Plaintiff Karl Parker began working for B & O Railroad on October 14, 1974, and he worked as a brakeman and as a conductor in the Baltimore West End Division of the B & O for the period of time relevant to this lawsuit. On August 18, 1975, plaintiff submitted a written expression of interest in a transfer to locomotive fireman. The following year, a job order issued to hire six locomotive firemen in the Baltimore West End.
In December 1976 and January 1977, two white males, one white female, one black female, and two black males were selected for these six positions. The two black males were selected pursuant to the SMAs,
and the two women were selected pursuant to other parts of B & O's affirmative action program.
Although both SMA candidates received favorable recommendations from supervisors, neither was required to take the applicable tests because the SMA provided that SMA candidates did not have to take non-skills tests. The two women took and passed the requisite EQC test.
Plaintiff was not referred for testing at this point because Acting General Road Foreman Kessecker had not obtained a favorable recommendation from plaintiff's supervisor. As a consequence, plaintiff was not considered further for transfer to one of the six slots.
After his non-selection, plaintiff met with General Road Foreman Kirk to complain that he had been treated unfairly in the selection process. Kirk, who assumed the job of Road Foreman in February 1977, had no responsibility for or knowledge of the January 1977 selections, and he told plaintiff that he would be considered for referral for testing on the next job opening for locomotive fireman (which was expected to occur in the spring of 1977).
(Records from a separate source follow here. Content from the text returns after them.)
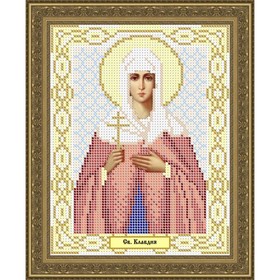 

Схема для вышивки бисером «Святая Клавдия»
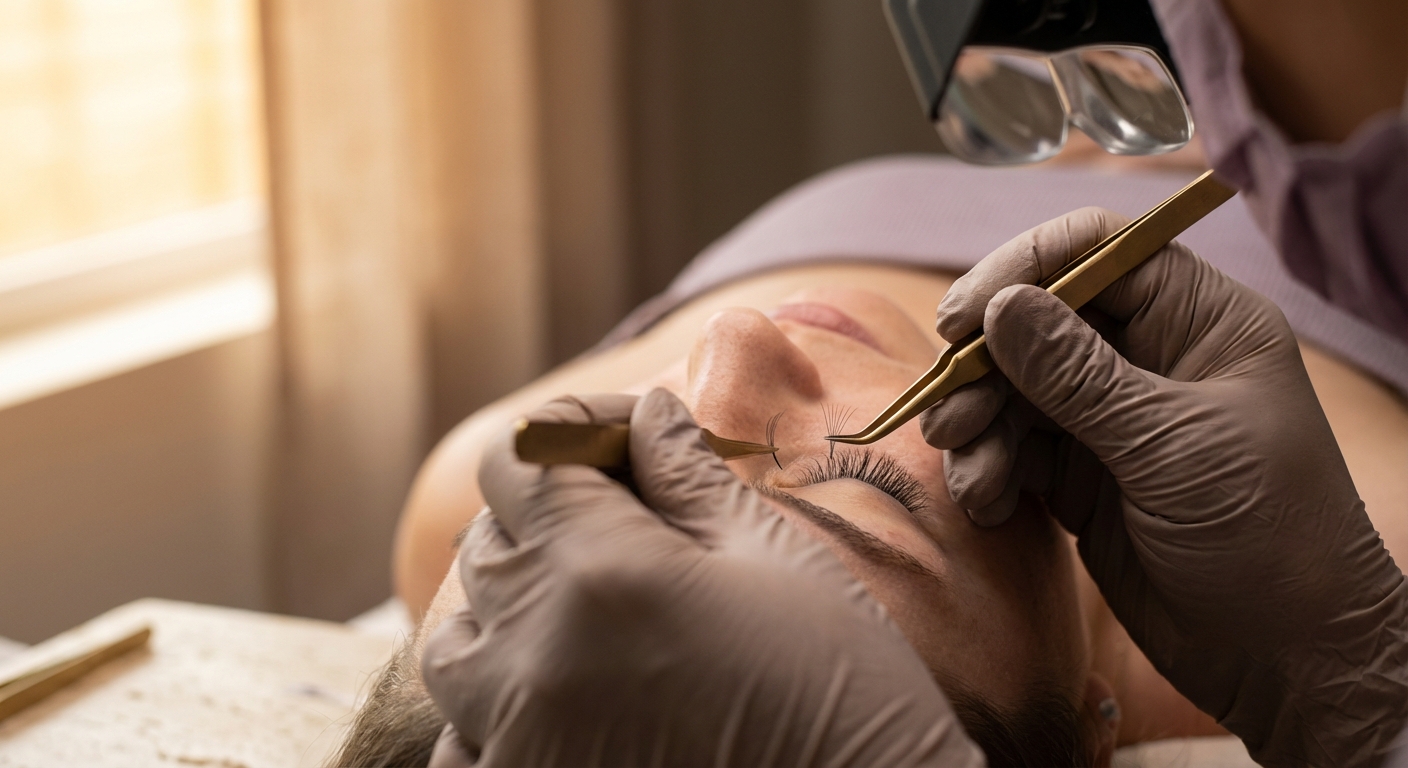 Therapist hands at work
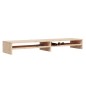 vidaXL Soporte de monitor madera maciza de pino 100x24x13 cm vidaXL Soporte de monitor madera maciza de pino 100x24x13 cm
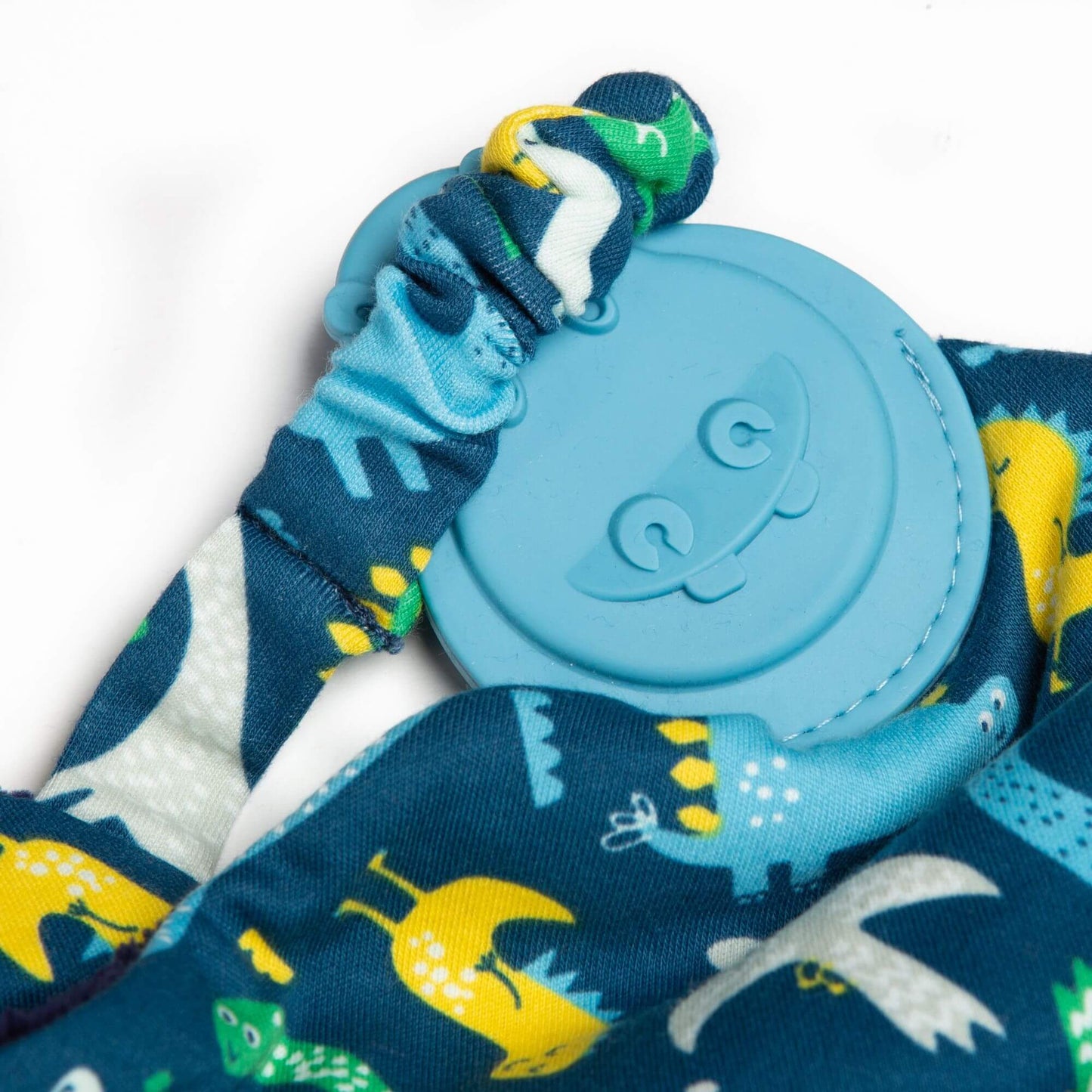 Cheeky Chompers Baby Comforter with Teether, Baby Dino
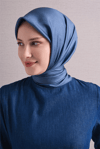 Armine İpek Eşarp 2027 Kış - 9601-81 Mavi Twill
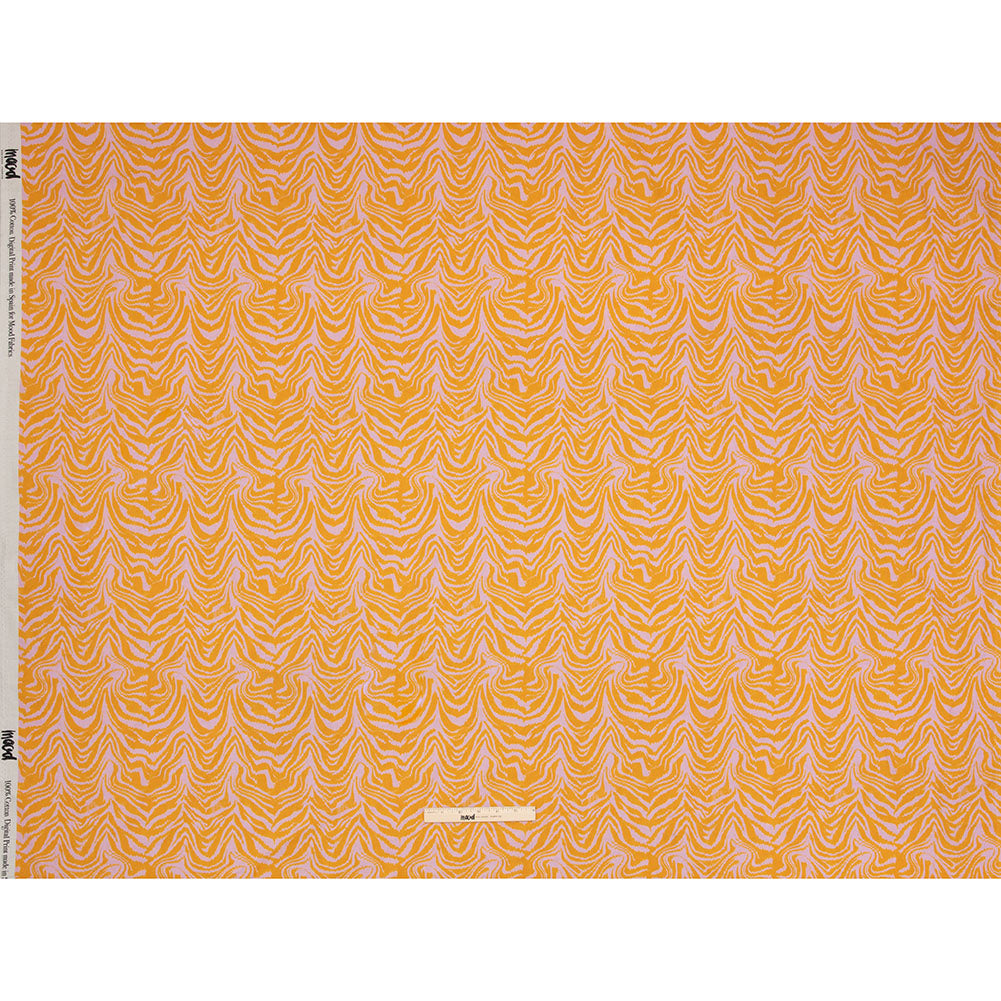 Cotton Voile - Pink and Orange Animal Stripes - Saffron River Print - Mood Exclusive Gisele Collection - Full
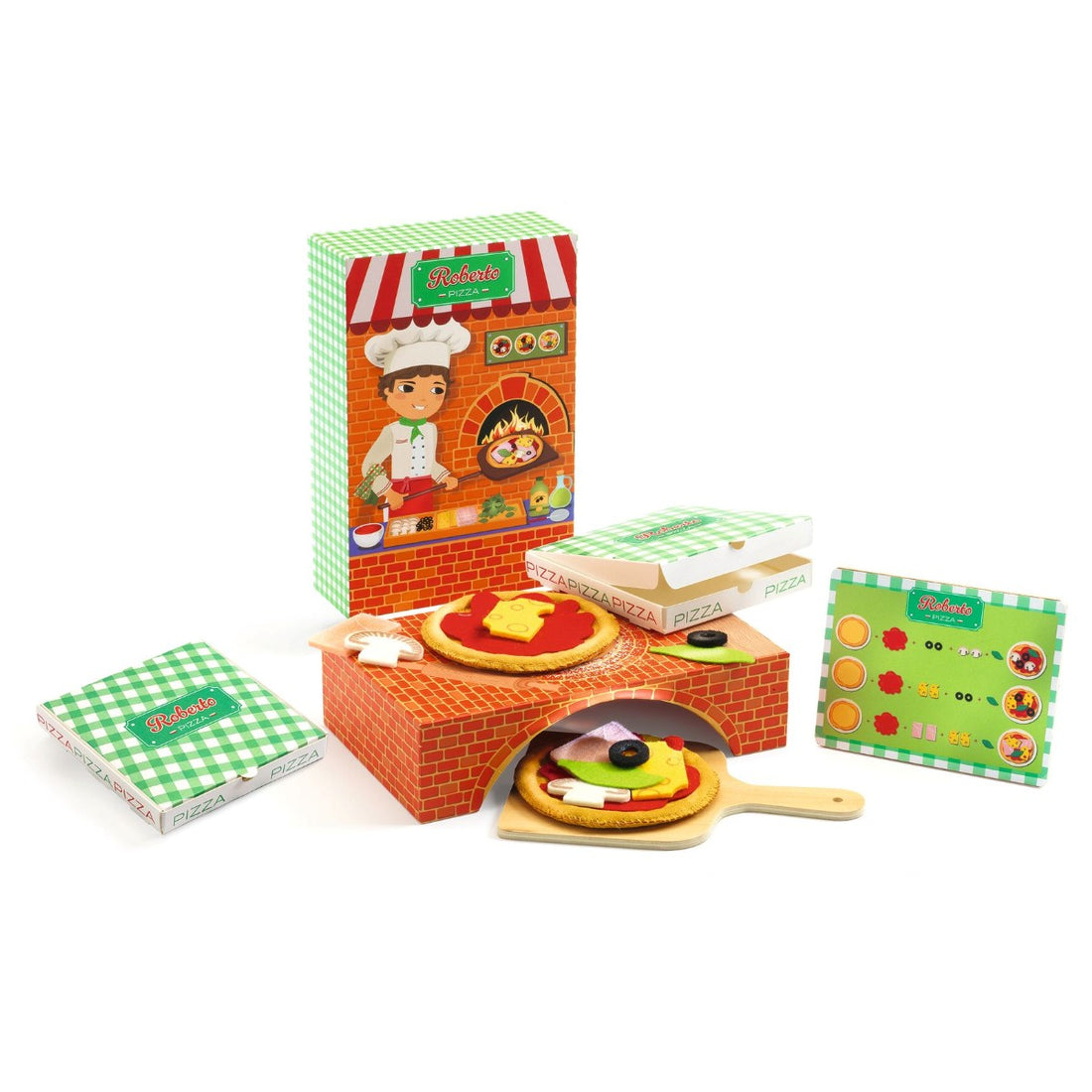 Djeco Play Food, Roberto Pizza Set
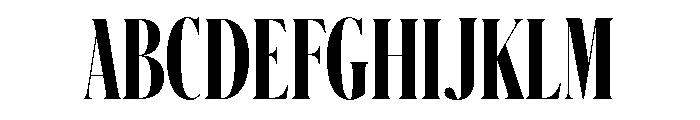 Schnyder X Condensed L Bold Font UPPERCASE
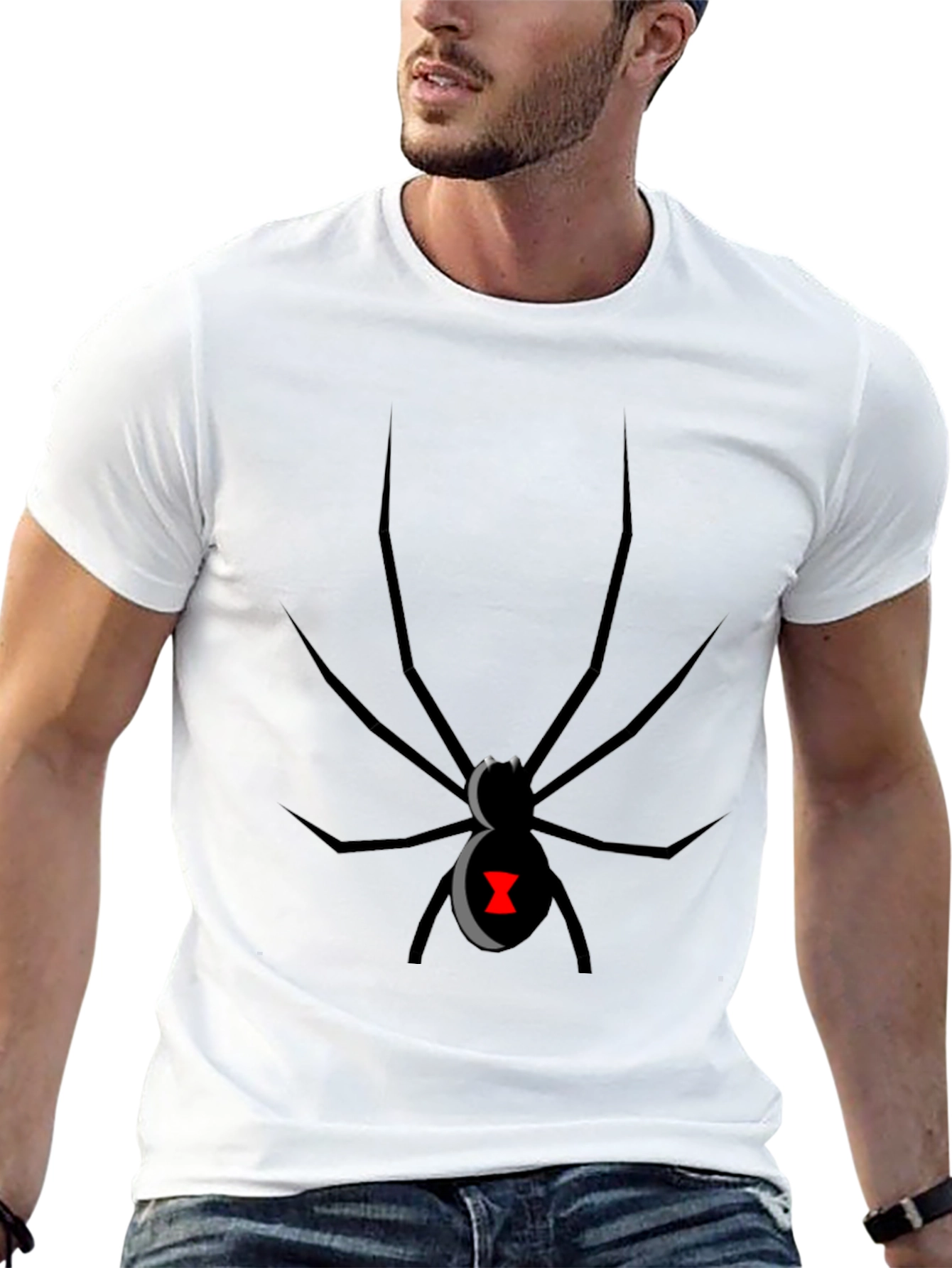 Black Widow Spider Graphic T-Shirt
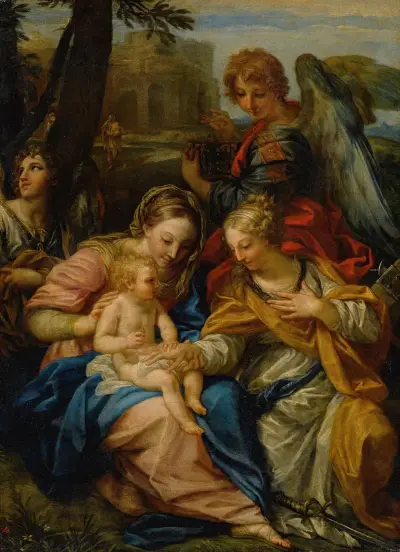 Mystic Marriage Of Saint Catherine Of Alexandria av Carlo Maratti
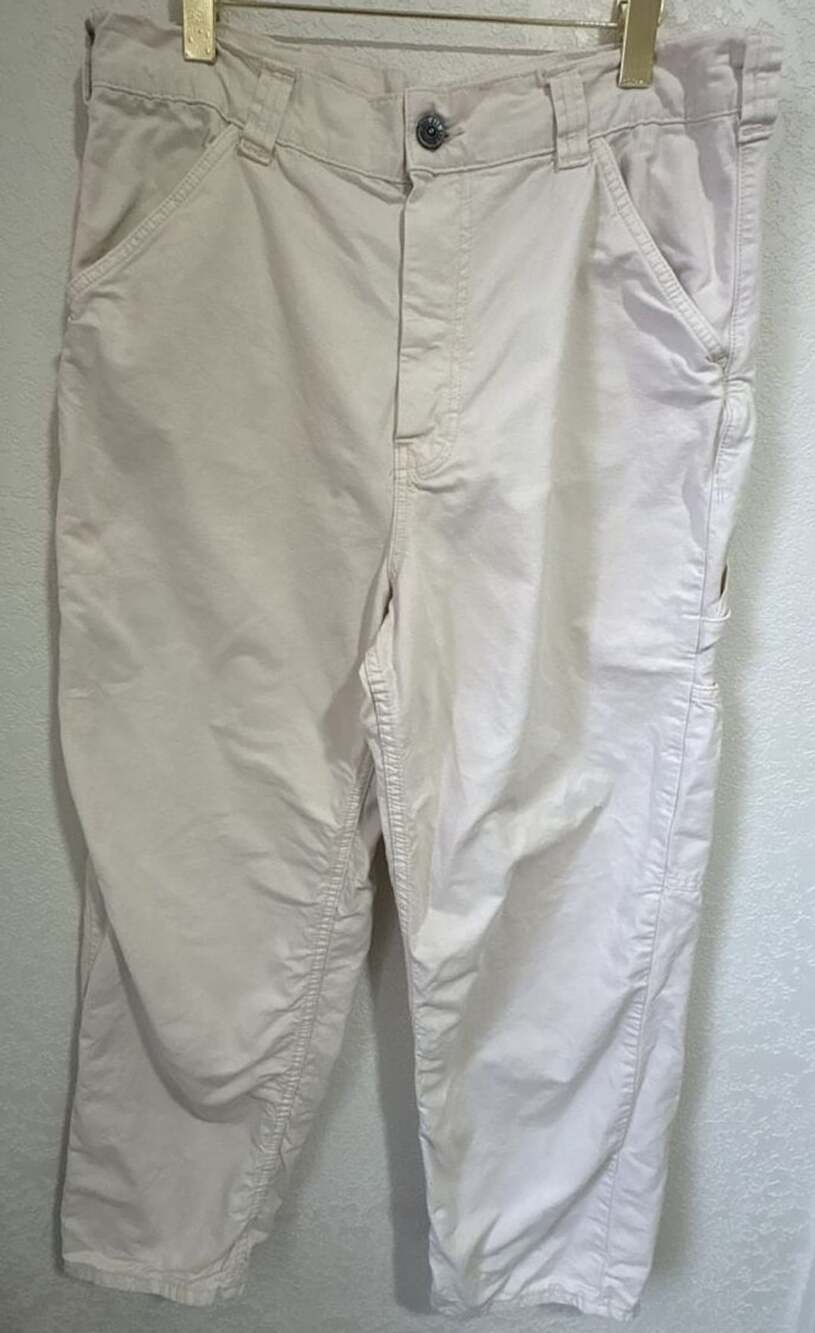 BDG Urban Outfitters Utility Cargo Pants Size 28 Cream Cotton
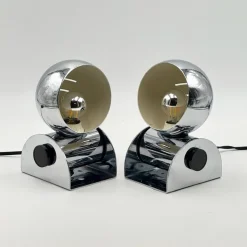Best Pamono Italian Chrome Eyeball Lamps by Tronconi, 1970s, Set of 2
In June and July 1977, a new job order was issued, requesting ten locomotive firemen for the Baltimore West End district. Although Kirk had initially placed plaintiff's name on the list of candidates to be referred for testing, he actually referred for testing only half of the candidates because of the disproportionately large number of candidates eligible for a small number of positions. Plaintiff was not among those so referred because Kirk had not received a positive recommendation from plaintiff's supervisor. Of the 26 candidates who were referred for testing, 15 were white males and 11 were minority males, all with positive recommendations. The nine white males who were ultimately selected for the position all satisfactorily completed the required steps for the transfer discussed supra.15
When plaintiff discovered that he had not been referred for testing, he called Kirk at home and asked why he had not been transferred.
A heated conversation followed, during which Kirk stated that "Any man who is really sincere and wants advancement does not walk out and threaten -- or even go through with suing the company he works for."
Kirk also told plaintiff that "When your turn comes up, you'll be interviewed. And if you have the necessary qualifications, you'll be selected."
In November 1977 Kirk again placed plaintiff on a list of individuals to be referred for testing, despite the fact that plaintiff had still not received a positive recommendation from a supervisor. In April 1978, plaintiff took the required Davis Reading and SRA Mechanical tests, but he failed the former by one point and as a consequence was not considered further. Ultimately, two white males were selected for the positions, both of whom had passed the Davis Reading test as well as satisfying the other requirements for transfer.
While a number of other job orders were filled between April 1978 and December 1981, plaintiff was not considered for any of them because he had failed the Davis Reading test and had never requested retesting.
All of the candidates selected for the position after April 1978 satisfied all of the requirements for transfer.
In January 1979, after exhausting administrative remedies, plaintiff filed a complaint in this Court alleging discrimination. Although 12 more firemen were hired in the months following the filing of the complaint, plaintiff again was not referred because he had not passed the Davis Reading test and had never received a positive recommendation. The 12 persons selected, eight white males, two black males, and two white females, all satisfied the requirements for transfer discussed supra.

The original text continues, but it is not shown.